Brief: Retype the material that follows exactly, limited to the lines from the one with "izzós IP44 Ideal" through the one with "Stentor SR1950MPC 3/4", and keep out all pictures.

Extracted material:
BEGIN
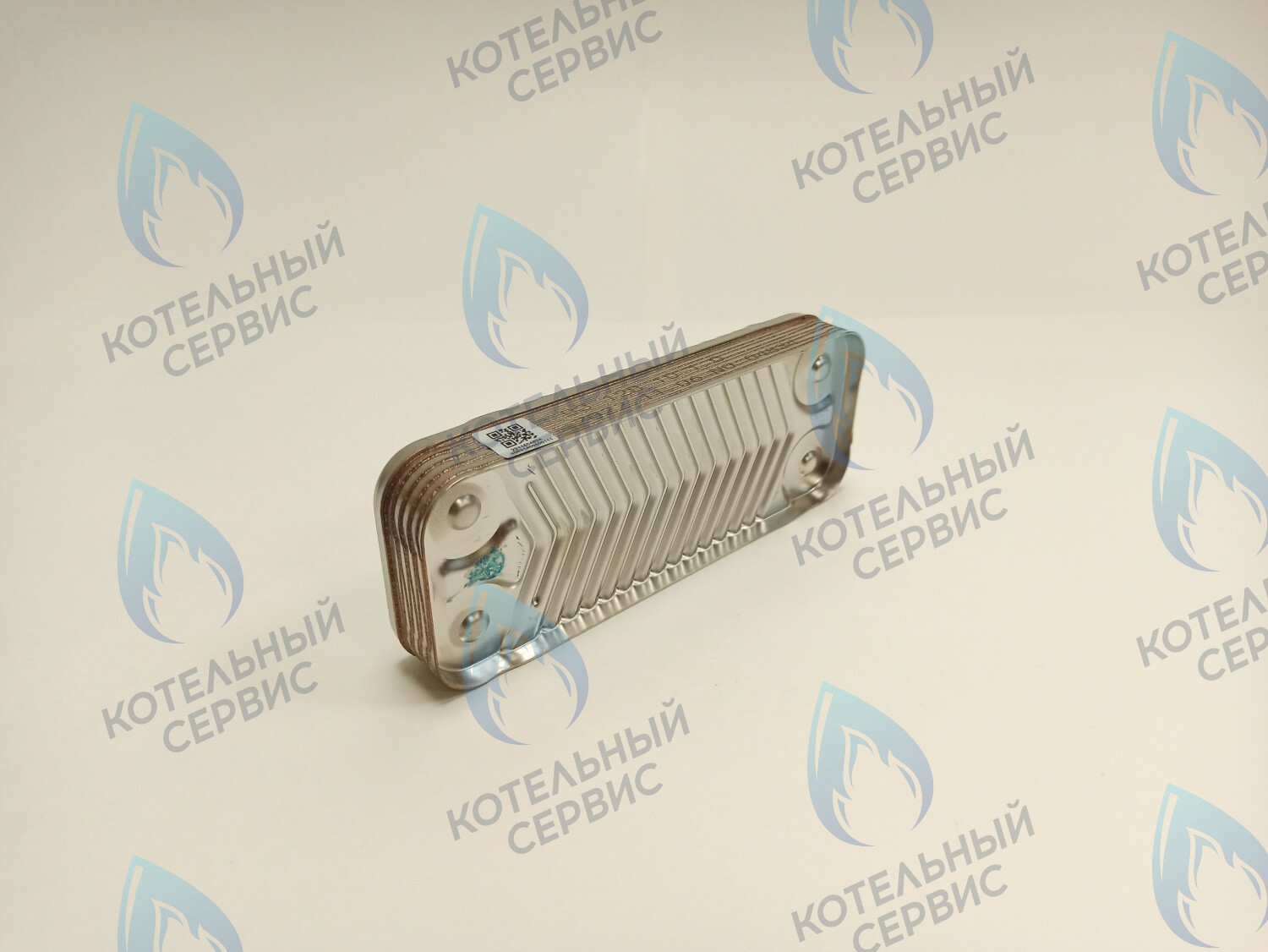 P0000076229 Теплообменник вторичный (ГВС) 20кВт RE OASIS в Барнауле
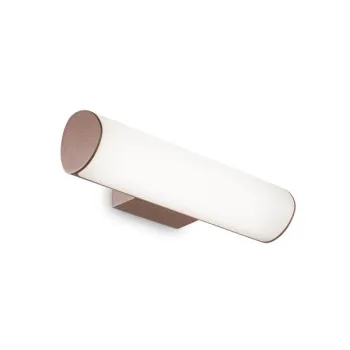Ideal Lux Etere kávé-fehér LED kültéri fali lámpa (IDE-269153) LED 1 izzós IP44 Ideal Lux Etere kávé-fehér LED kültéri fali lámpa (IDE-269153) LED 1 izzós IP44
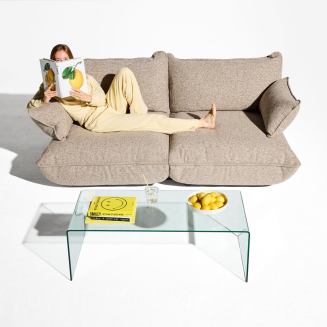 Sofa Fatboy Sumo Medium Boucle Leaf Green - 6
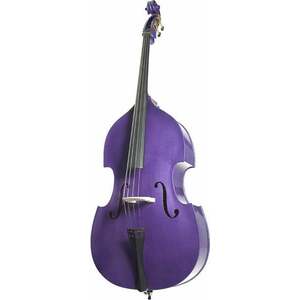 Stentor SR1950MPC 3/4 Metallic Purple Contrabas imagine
END
BEGIN
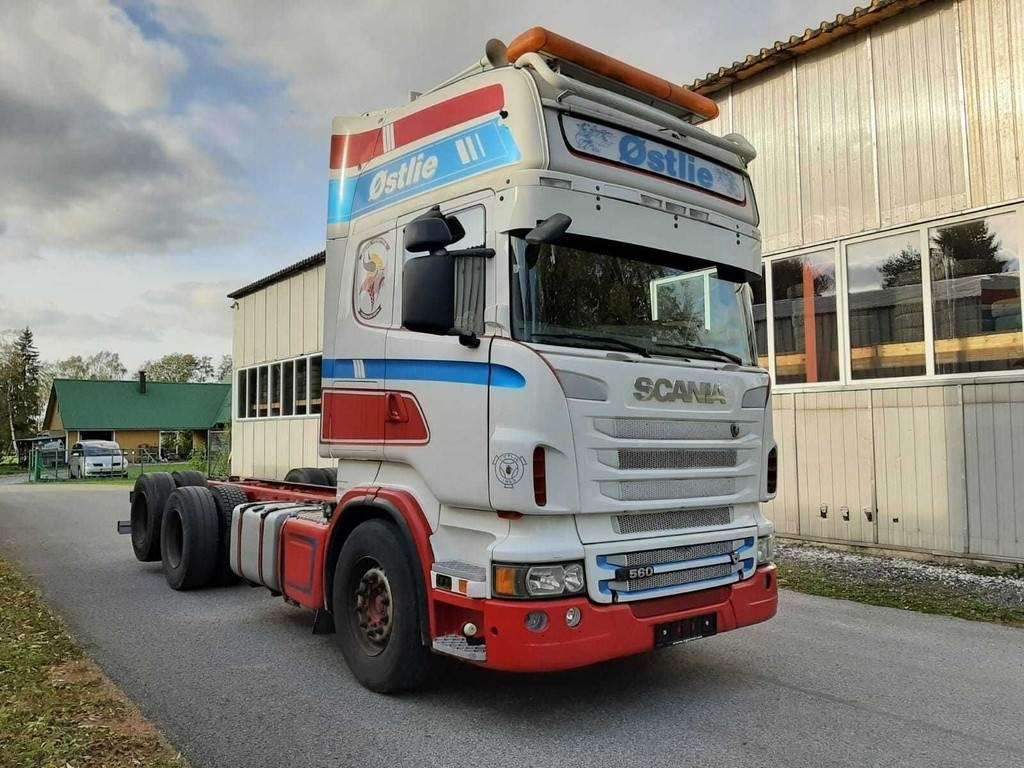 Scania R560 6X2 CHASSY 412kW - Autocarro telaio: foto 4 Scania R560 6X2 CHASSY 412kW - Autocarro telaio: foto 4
END
BEGIN
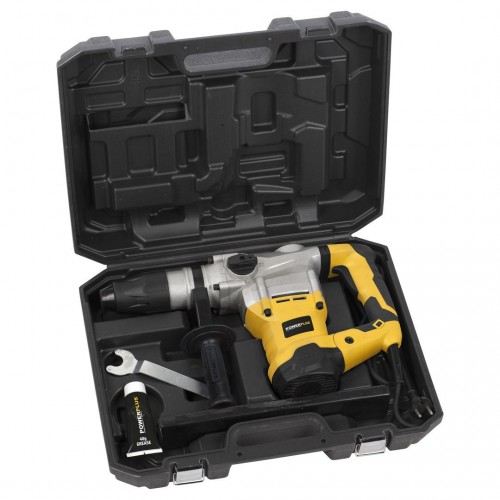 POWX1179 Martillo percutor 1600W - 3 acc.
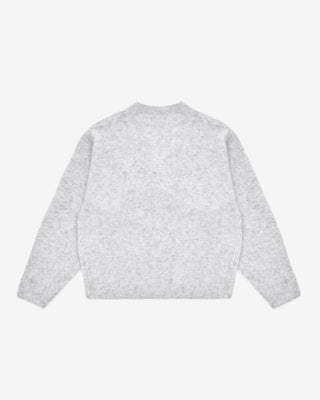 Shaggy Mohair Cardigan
END
Answer:
Ideal Lux Etere kávé-fehér LED kültéri fali lámpa (IDE-269153) LED 1 izzós IP44 Ideal Lux Etere kávé-fehér LED kültéri fali lámpa (IDE-269153) LED 1 izzós IP44
 Sofa Fatboy Sumo Medium Boucle Leaf Green - 6
 Stentor SR1950MPC 3/4 Metallic Purple Contrabas imagine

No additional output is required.